**HOW TO COMPLETE THIS TASK:** Write out, with no changes, every line starting at the one that contains "2 Bedroom House" and ending at the last line of the data below. Leave pictures out.

**COLLECTED DATA:**
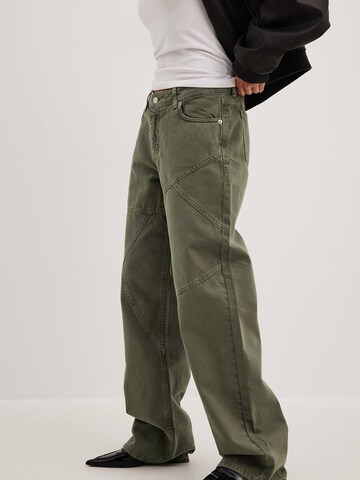 NA-KD Loose fit Jeans in Green: front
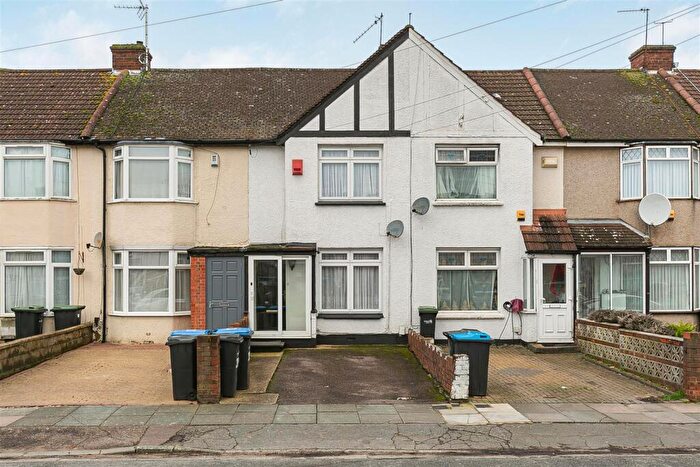 2 Bedroom House For Sale In Greenwood Avenue, Enfield, EN3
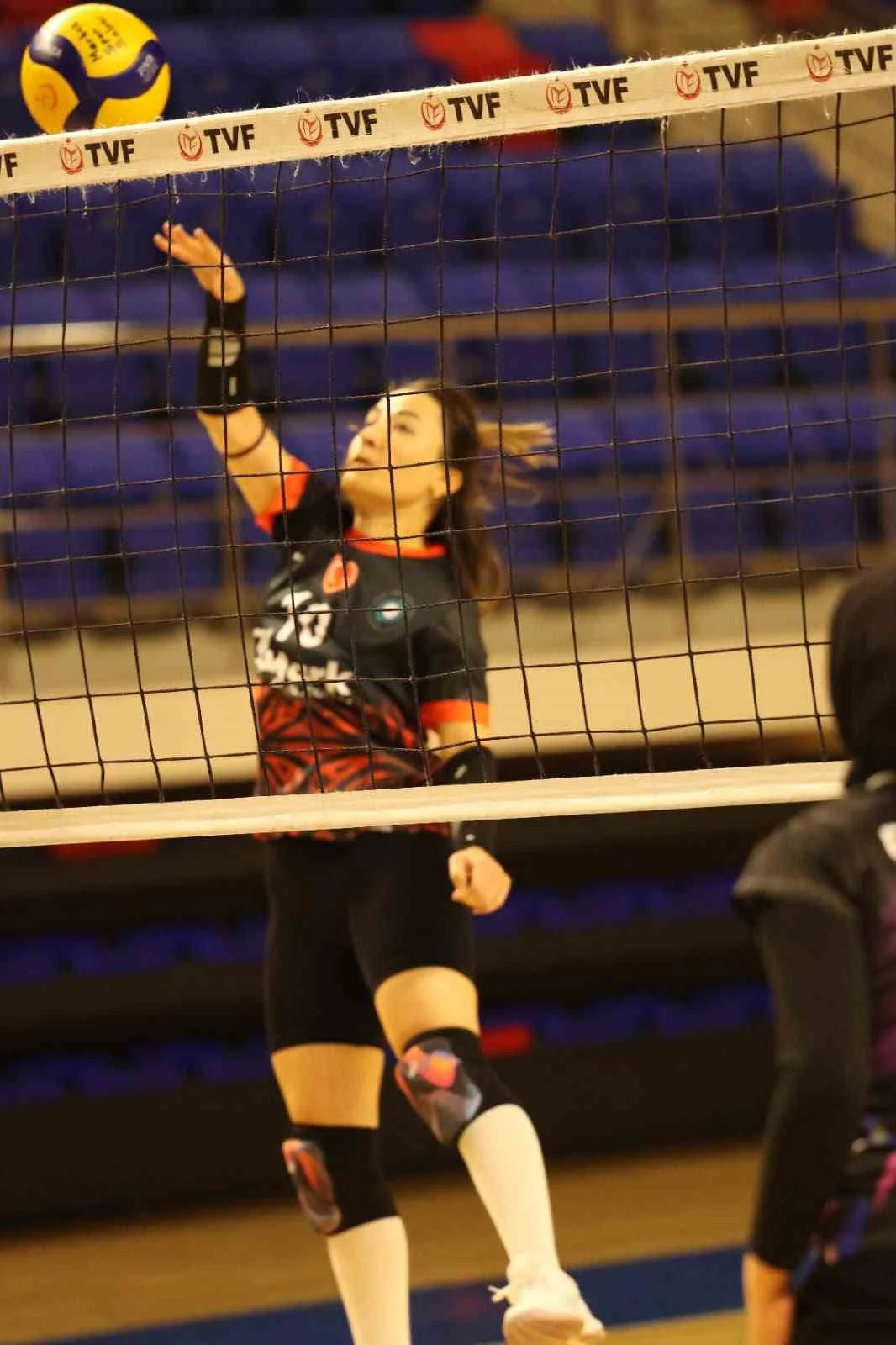Niğde’de kadınlar voleybol turnuvasının şampiyon belli oldu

**TASK OUTPUT:**
 2 Bedroom House For Sale In Greenwood Avenue, Enfield, EN3
Niğde’de kadınlar voleybol turnuvasının şampiyon belli oldu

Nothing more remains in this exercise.